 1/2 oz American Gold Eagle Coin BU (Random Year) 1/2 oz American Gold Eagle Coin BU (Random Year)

==

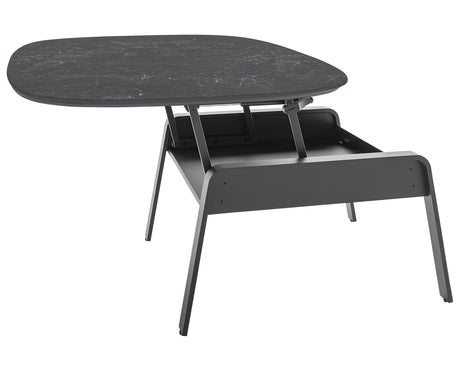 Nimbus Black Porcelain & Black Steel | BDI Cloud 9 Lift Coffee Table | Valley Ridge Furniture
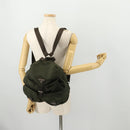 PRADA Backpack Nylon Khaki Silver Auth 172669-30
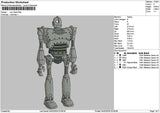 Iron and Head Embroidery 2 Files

● **What needs to be done**: Excluding any pictures, print exactly the lines of the listing above from the line with "Nimbus Black Porcelain" to the line with "Iron and Head Embroidery 2 Files", both ends included.

● **Answer to the exercise**:
 Nimbus Black Porcelain & Black Steel | BDI Cloud 9 Lift Coffee Table | Valley Ridge Furniture
 PRADA Backpack Nylon Khaki Silver Auth 172669-30
 Iron and Head Embroidery 2 Files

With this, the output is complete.